MATERIAL FOR THIS TASK -
---

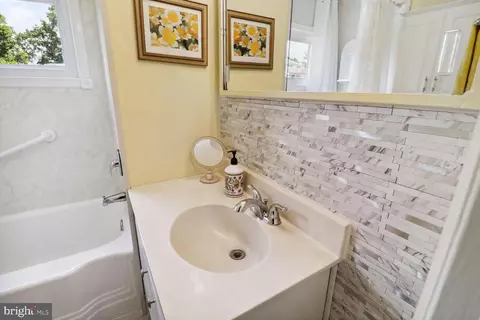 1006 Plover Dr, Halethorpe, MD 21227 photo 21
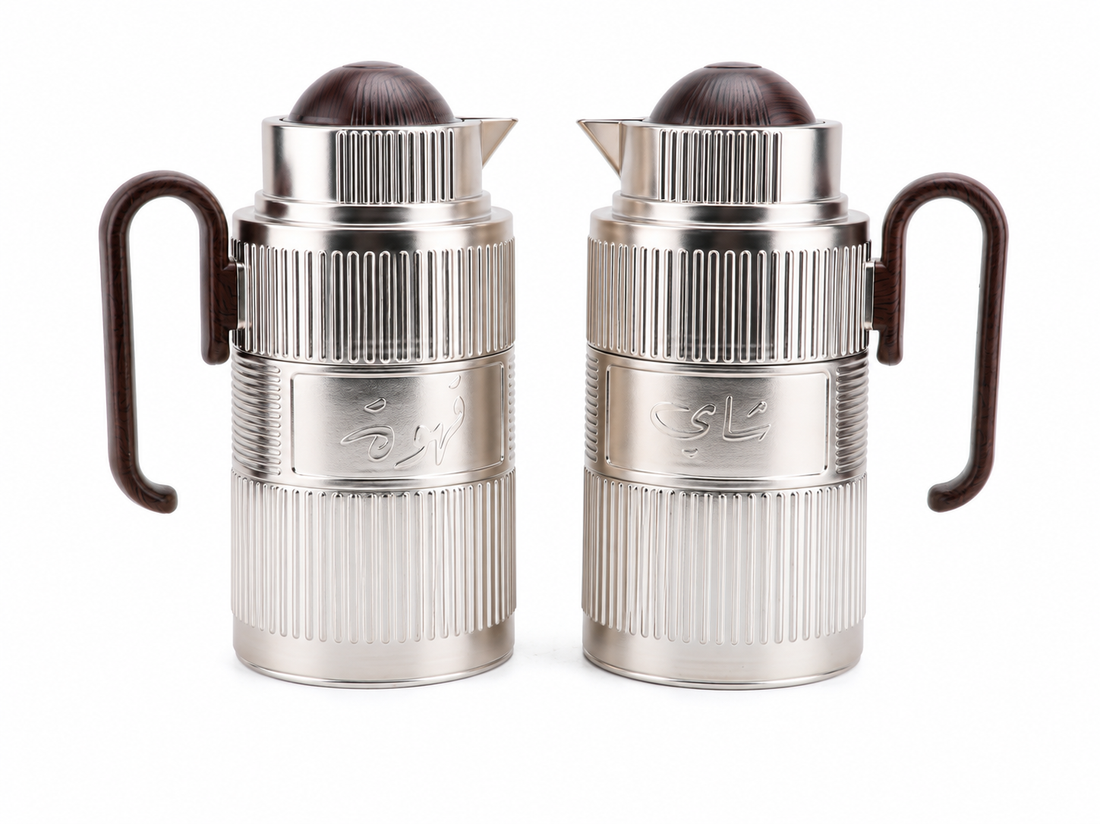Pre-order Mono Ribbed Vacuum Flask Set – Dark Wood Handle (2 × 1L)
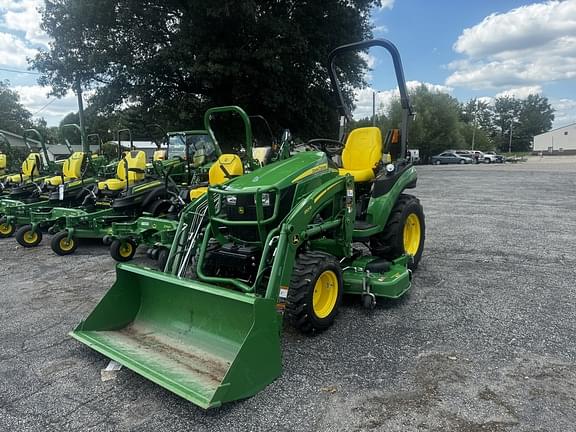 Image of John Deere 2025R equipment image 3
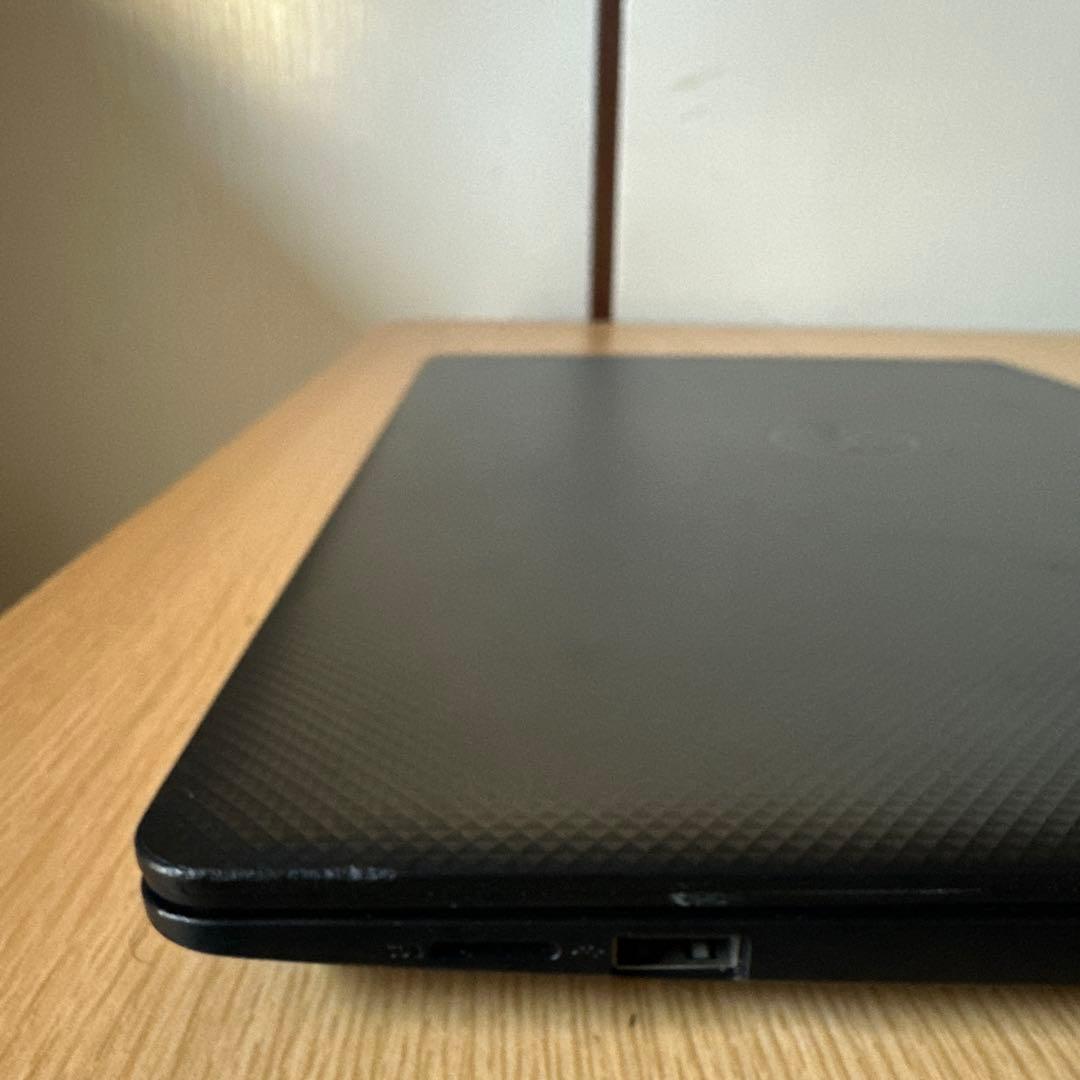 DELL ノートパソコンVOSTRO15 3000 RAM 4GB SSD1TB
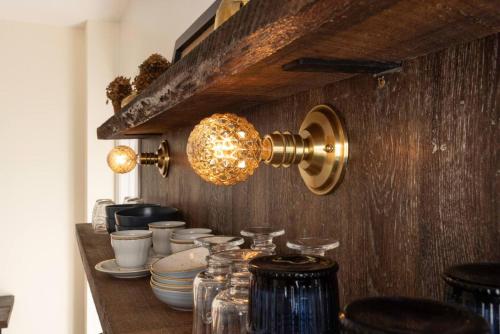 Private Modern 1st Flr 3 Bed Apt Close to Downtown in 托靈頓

---

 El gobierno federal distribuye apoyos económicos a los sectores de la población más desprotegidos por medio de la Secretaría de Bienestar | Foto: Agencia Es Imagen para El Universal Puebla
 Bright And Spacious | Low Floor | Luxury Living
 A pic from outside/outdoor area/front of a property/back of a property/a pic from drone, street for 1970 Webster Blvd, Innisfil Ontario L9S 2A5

---

Both the line above containing "Image of John Deere 2025R equipment image 3" and the line containing "Private Modern 1st" belong in the copy, along with every line between them; print these exactly and omit the pictures.

 Image of John Deere 2025R equipment image 3
 DELL ノートパソコンVOSTRO15 3000 RAM 4GB SSD1TB
 Private Modern 1st Flr 3 Bed Apt Close to Downtown in 托靈頓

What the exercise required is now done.